Except, oops, that already happened with several other moon names. Again, they're called after giants, so that's good. However, what's up with the Gallic names, such as Albiorix, the God of Tribal Unity?

Yes, yes, I know that there is a severe shortage of Greek and Roman names for newly discovered objects. I'm just unhappy because it doesn't seem right to have Paaliaq hobknobbing with everyone's favourite shepherd moon, Epimetheus. (Or maybe you prefer some other shepherd moon. Leave a comment if so.)

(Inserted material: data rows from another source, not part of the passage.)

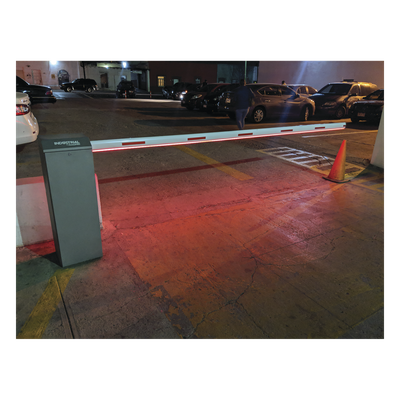 ACCESSPRO - Barrera vehicular derecha / Soporta Brazo de hasta 3 m / Apertura en 1.5 s / Final de Carrera Ajustable por Programación /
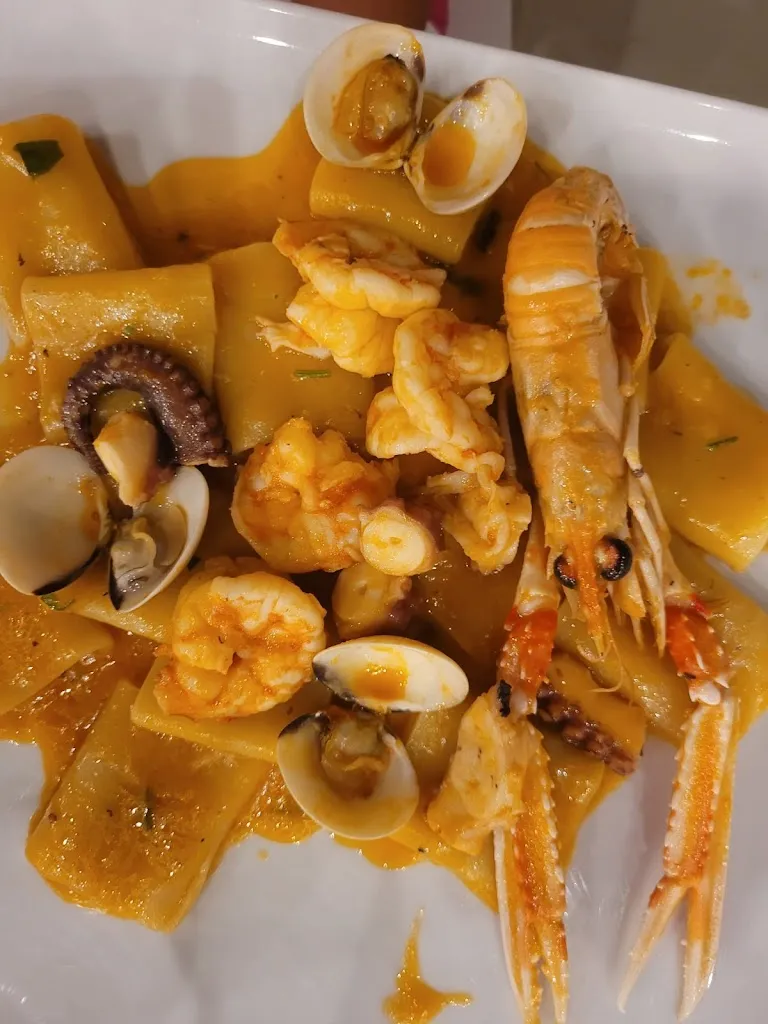 Mercato Ittico Ristorante_Scoglitti_slider_image_2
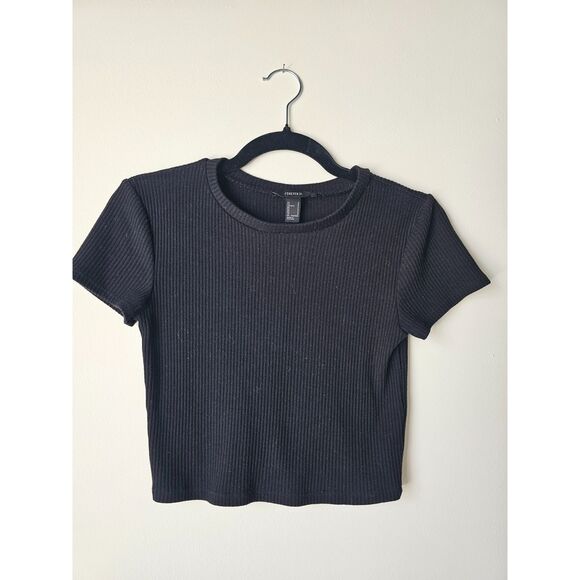 Women's Forever 21 Ribbed Short Sleeve Sweater Crop Top Size Small - Picture 1 of 10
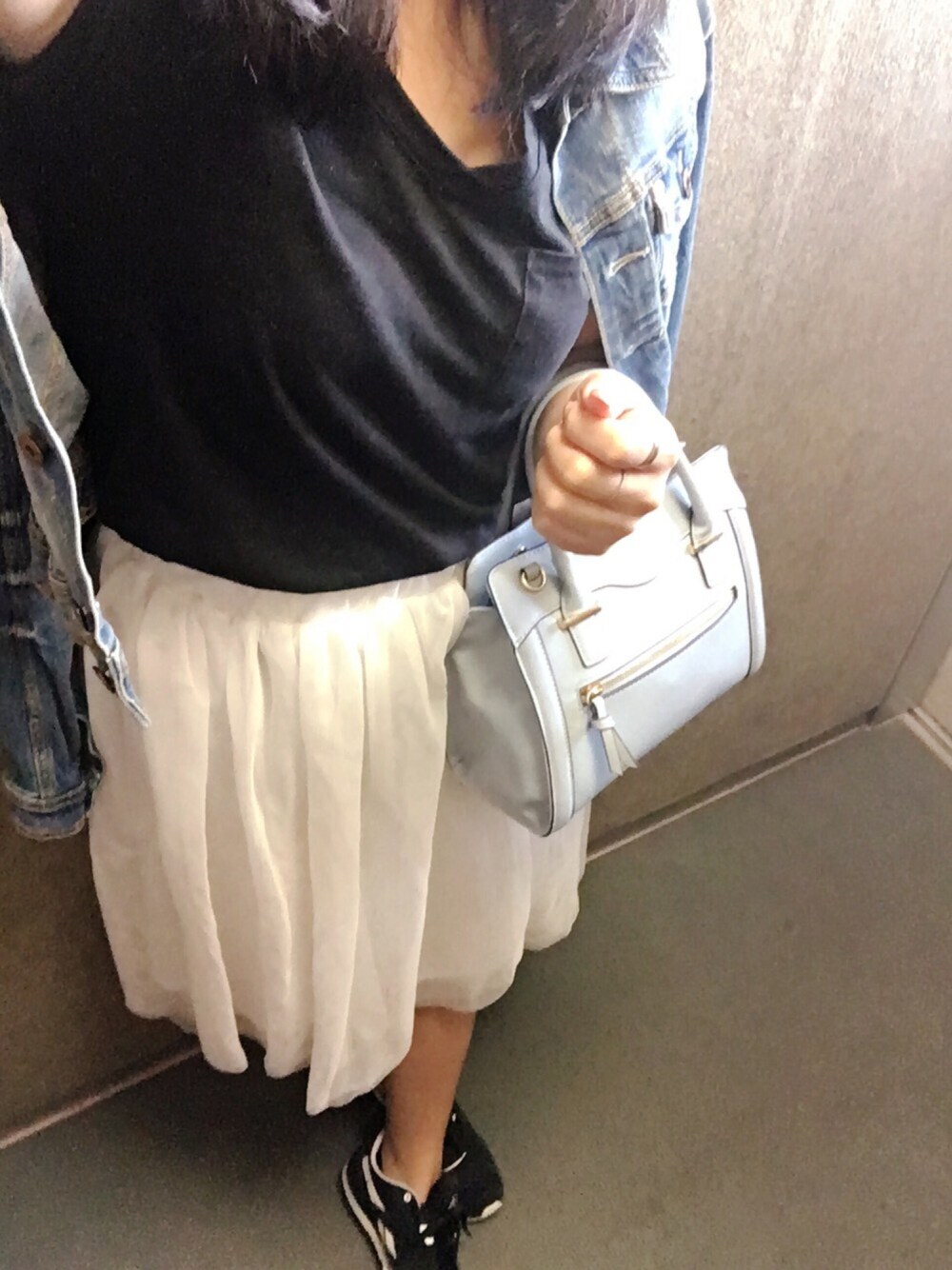 「GRLのアイテム（スカート、ホワイト系）」を使った、みきてぃさん（レディース・162cm）の夏コーディネートの1枚目の写真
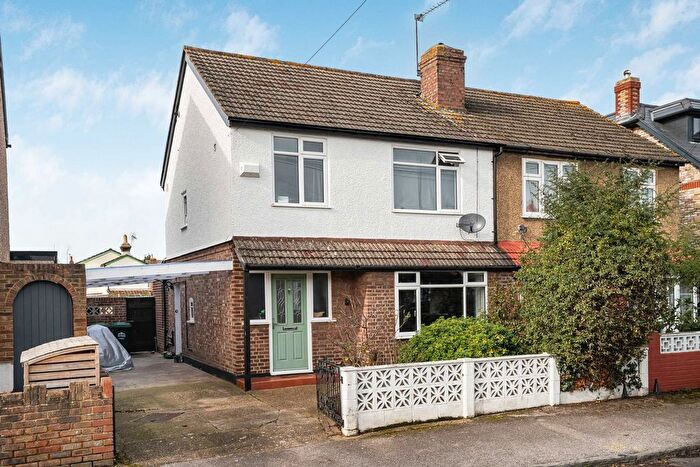 3 Bedroom Semi Detached House For Sale In Marlborough Road, Ashford, Surrey, TW15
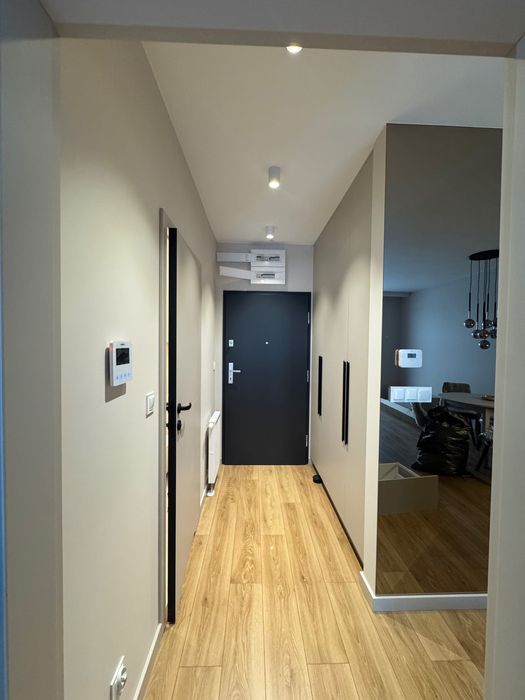 Wynajmę mieszkanie 2 pokoje ( cena z garażem)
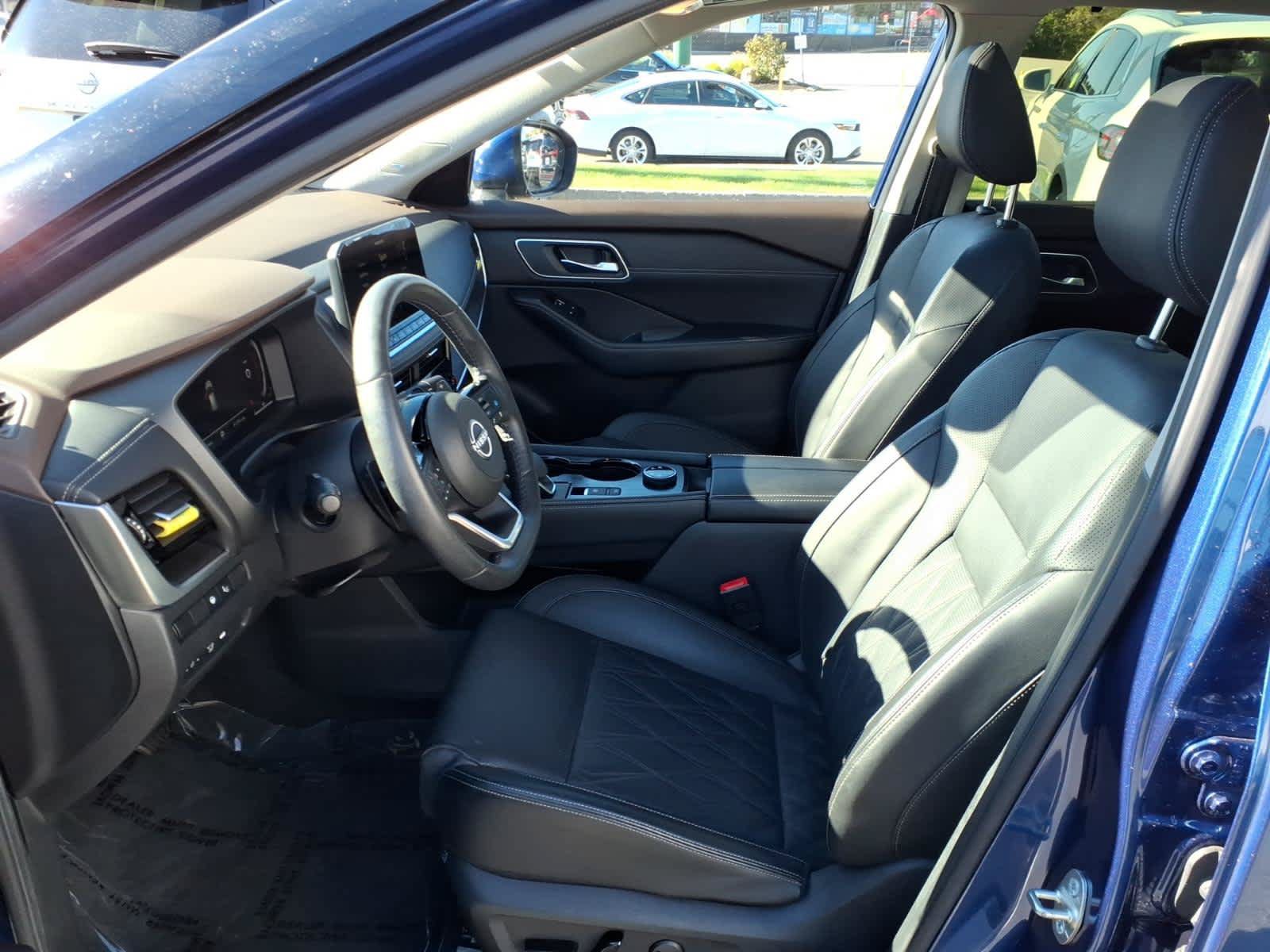 Used 2023 Nissan Rogue Platinum w/ Platinum Premium Package AWD/4WD image 11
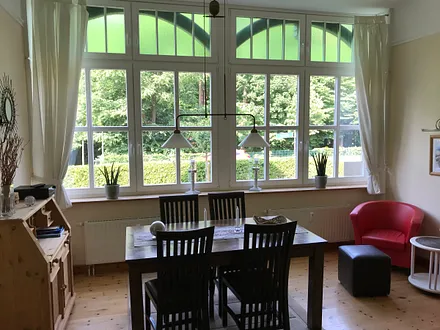 Die Wintergarten - Optik mit Blick auf den Stadtwald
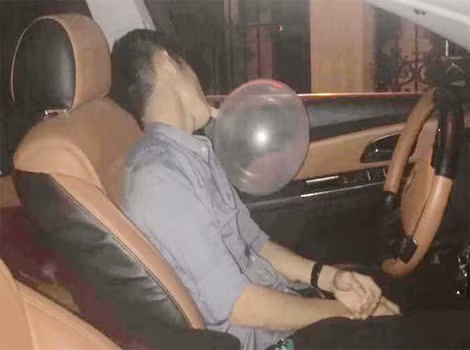 Tài xế ngủ gục miệng vẫn ngậm bóng bay!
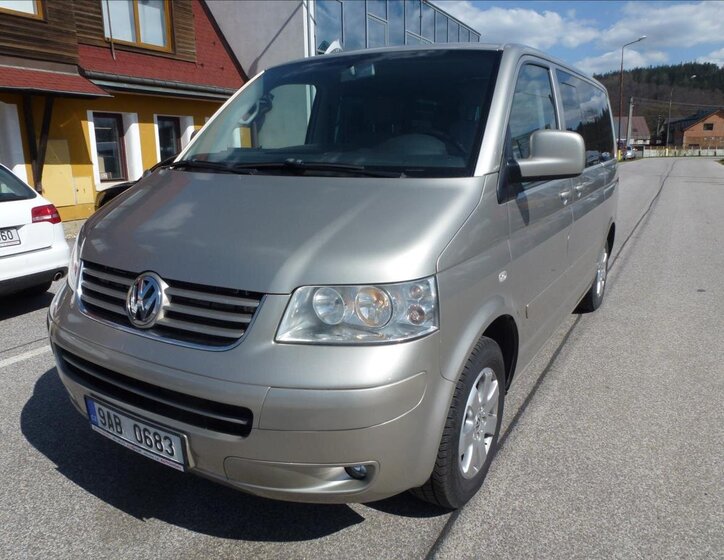 Volkswagen Multivan Kombi 2,5 l 128 kw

I know I'm going to get some emails calling me a "racist" from people who haven't looked that word up in the dictionary. Look, I'm not saying there shouldn't be any Norse or Inuit celestial bodies, just that it feels wrong to insert them around Saturn and such. It's like having Tomorrowland in the middle of Frontierland -- so wrong! Splash Mountain and Space Mountain are fine attractions with a common heritage, but you cannot take Br'er Rabbit in your rocket pod and maintain the mood of either, you just can't.

(Yes, I know that Plessy v. The Intergalactic Council was overturned in 1954.)

But back to lovely Phoebe, hanging back on the fringes of Saturn's gravitational pull like a pock-marked wallflower. Mike sent me some "way better Phoebe photos" while I was sleeping. I rather like this photo from NASA called Phoebe's Surprise. (Oh, she's so coy!) I've read in recent news (with the exact link even more recently lost) that they're thinking of scrapping the idea of Miss Phebes as a captured asteroid and reclassifying her as possibly a captured comet.

Wow, how mad would you be if you were a comet and were captured while joy-riding around your ellipsis? Much madder than an asteroid -- we know they're all looking for a big sugar planet to take care of them.